The Virgin of Clan Sinclair is the third book in Karen Ranney’s Clan Sinclair series but is structured as a standalone, an amusing heartfelt story that brings together an unconventional young woman determined to get out from underneath her mother’s thumb and a staid Earl who's trying to live down the reputation left by his father. Ranney crafts a delightful romance around two extremely personable characters whose actions hide the hurt buried deep within them.
I love romances that make me laugh and this one certainly did that. Ellice is a breath of fresh air—a delightful heroine whose prim and proper facade hides a wonderful personality and dry wit. She is very intelligent, astute, and quite stubborn when she puts her mind to something. She drives Ross to madness and forces him to abandon his rigid control.
“You’re a very annoying female. I trust you will not continue to be so after our marriage.”
She put the pen down. “I’m very certain to be exactly the same way as I am now,” she said.
He glanced at her.
“Are you always so honest?”
She thought about it then ruefully shook her head. “No, but I feel compelled to tell you the truth. Why shouldn’t I? You’ll discover it yourself soon enough.”
Ross is a stickler for protocol.When his wife died, he reinvented himself and vowed nothing would stop him from cleansing the taint from the family name. Watching Ross fight his attraction for Ellice was both sad and frustrating; he judges her guilty for crimes others have committed and his actions leave her confused and hurt. His past has left him unable to completely trust anyone.
I warn you, I will not tolerate any deflecting maneuvers.” When she didn’t speak, he added, “If you’re involved in something illegal, it’s best to tell me now.”
She smiled at him, such a blazingly happy expression that he almost reared back. “You think I’m doing something illegal,” she said.
He slowly nodded.
“No one has ever thought I was doing anything illegal. I have conformed to the letter of every rule and regulation for the extent of my life.”
“You really shouldn’t look so pleased to be thought of as a law breaker. There are rules and regulations to limit human behavior for a reason.”
“What reason? So that someone can say, ‘Oh, you broke a rule, miss. Back to the schoolroom you go. Or, sir, you are in violation of that regulation. How very vulgar of you.”
Their physical attraction is apparent from the beginning with a potent mixture of heat and lust that sharpens their wit. Ellice often takes certain matters into her own hands, leaving Ross frustrated, yet intrigued. Though she originally looked to Ross to be her knight in shining armor, she eventually learns that only she can ensure her own happiness.
“If I do not want your attentions, I have the right to refuse them,” she said, holding her pen over the document.
Did he notice her hands were trembling? If he did, did he care?
“No?” she asked, surprised.
“You have no right to refuse me. I am your husband.”
“Perhaps not ever,” he said.
She placed the pen on the desk, sat back in Macrath’s chair and looked at him.

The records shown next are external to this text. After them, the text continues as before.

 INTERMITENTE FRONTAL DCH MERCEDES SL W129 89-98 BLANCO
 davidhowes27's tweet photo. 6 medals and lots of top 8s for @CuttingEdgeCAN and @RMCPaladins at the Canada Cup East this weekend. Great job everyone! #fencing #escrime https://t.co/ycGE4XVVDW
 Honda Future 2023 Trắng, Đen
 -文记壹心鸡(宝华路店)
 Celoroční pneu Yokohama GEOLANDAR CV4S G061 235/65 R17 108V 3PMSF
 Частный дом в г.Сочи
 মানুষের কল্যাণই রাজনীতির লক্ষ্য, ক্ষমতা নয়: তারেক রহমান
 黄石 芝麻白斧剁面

“Your lordship, I would be just as happy unmarried as I would be married. I have no reason to want to marry you. You, on the other hand, have some reason to want to marry me.”
While the romance is the main theme of the book, there are multiple subplots that expand the book’s scope. Plenty of dry humor intertwines within the story, balancing nicely with the emotional journey of our couple. I especially liked that the hero isn’t a complete jerk. Not to say he isn’t an arse at times, because he is. And he jumps to conclusions. A lot. But he soon learns his lesson when dealing with his bride and repents in a proper manner that leaves the readers no doubts to his feelings for her.
The Virgin of Clan Sinclair is a delightful read that is sure to appeal to all readers who love a humorous battle of the wills historical romance filled with love, laughter, and forgiveness.